This post will look at how hard it is to learn Chinese for an English speaker.
It’s fairly easy to learn to speak Mandarin at a basic level, though the tones can be tough. This is because the grammar is very simple – short words, no case, gender, verb inflections or tense. But with Japanese, you can keep learning, and with Chinese, you hit a wall, often because the isolating syntactic structure is so strangely different from English.
Actually, the grammar is harder than it seems. At first it seems simple, like a simplified English with no tense or articles. But the simplicity makes it difficult. No tense means there is no easy way to mark time in a sentence. Furthermore, tense is not as easy as it seems. Sure, there are no verb conjugations, but instead you must learn some particles and special word orders that are used to mark tense.
Once you start digging into Chinese, there is a complex layer under all the surface simplicity. There are serial verbs, a complex classifier system, syntax marked by something called topic-prominence, preposed relative clauses, use of verbs rather than adverbs to mark direction, and all sorts of strange stuff. Verb complements can be baffling, especially potential and directional complements. The 了 character can have seemingly countless meanings. You also need to learn quite a bit of vocabulary just to speak simple sentences.
Chinese phonology is not as easy as some say. There are too many instances of the zh, ch, sh, j, q, and x sounds in the language such that many of the words seem to sound the same. There is a distinction between aspirated and nonaspirated consonants which does not exist in English.

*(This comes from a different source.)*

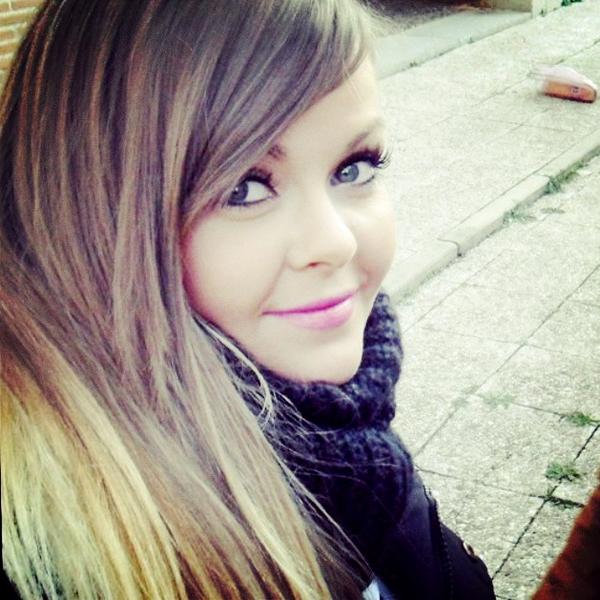 theAparisi's tweet photo. Mi Amorrr @ABenede #LOVEU http://t.co/m4pkk2F8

Chinese orthography is probably the hardest orthography of any language. The alphabet uses symbols, so it’s not even a real alphabet. There are at least 85,000 symbols and actually many more (although this is controversial), but you only need to know about 4-6,000 of them, and many Chinese don’t even know 1,000. To be highly proficient in Chinese, you need to know 10,000 characters, and probably less than 5% of Chinese know that many.
The Communists tried to simplify the system (simplified Mandarin), but they simply decreased the number of strokes needed for each symbol. The Communists’ spelling reform left much to be desired.

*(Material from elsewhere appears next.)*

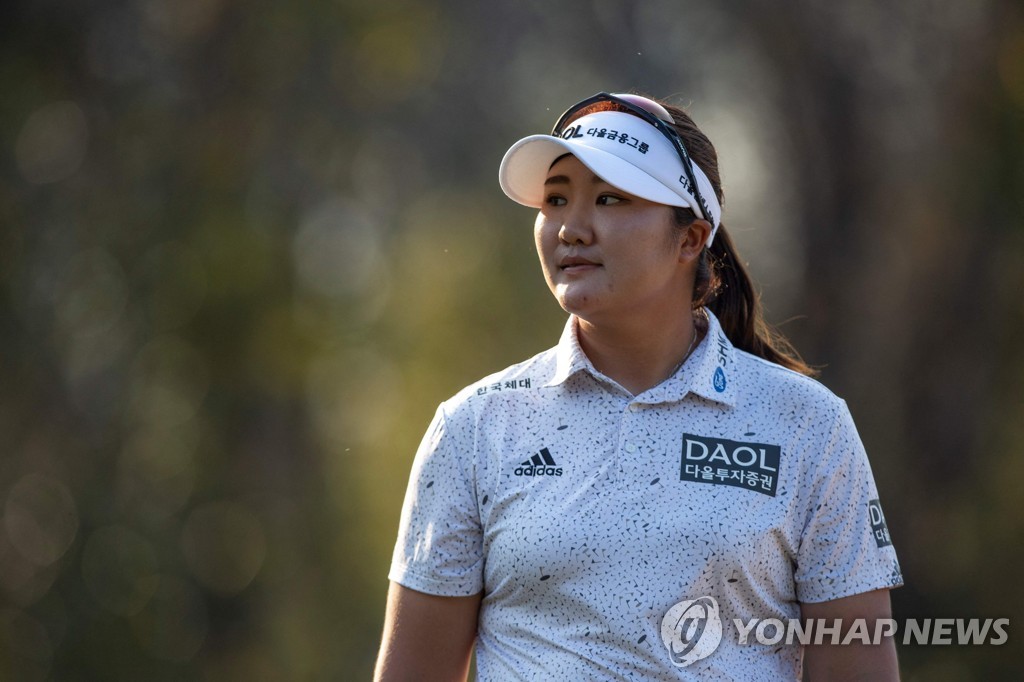 유해란, LPGA 투어 데뷔전 3R 공동 2위…톱10에 한국 선수 6명(종합)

To make matters worse, there are different ways to write each symbol – different styles of Chinese calligraphy. For instance, Classical Chinese may be written in so called “grass-style” calligraphy or in another style altogether.
It’s a real problem when you encounter a symbol you don’t know because there is often no good way to sound out the word as the system simply is not very phonetic. The Chinese alphabet is probably only 25% phonetic, and many frequently-used characters give tell you nothing about how to pronounce them. Further, you need to learn at least 300 characters before you can start to use the meager phonetics of the writing system at all.
Furthermore, word boundaries are not obvious, as one character does not necessarily equal one word. Therefore it is hard to tell where one word starts and stops and another one begins.
Similarly, a dictionary is not necessarily helpful when trying to read Chinese. You can have a Chinese sentence in front of you along with a dictionary, and the sentence still might not make sense even after looking it up in the dictionary.
Furthermore, merely learning how to look up words in the dictionary in the first place takes new Chinese learners several months and learning how to use a dictionary well is typically not possible until a year of study. Even people who have studied for several years sometimes encounter characters that they simply cannot find in the dictionary. In China, dictionary look-up contests are often held, showing that the process is not transparent at all.
A good student of Chinese often has more than one dictionary, and some have up to 20 different dictionaries. There are separate dictionaries for simplified and traditional characters and dictionaries that have both. There are entire dictionaries just for Classical Chinese particles and others for four character idioms (chéngyǔ), a type of allegorical sayings with two parts (xiēhòuyǔ), and another for proverbs (yànyǔ). There are separate dictionaries for terms that entered Chinese during the Chinese era and others for specifically Buddhist terms. There is an easier way to use a Chinese dictionary called four-part look-up, but it takes a long time to learn it and most learners never master it for whatever reason.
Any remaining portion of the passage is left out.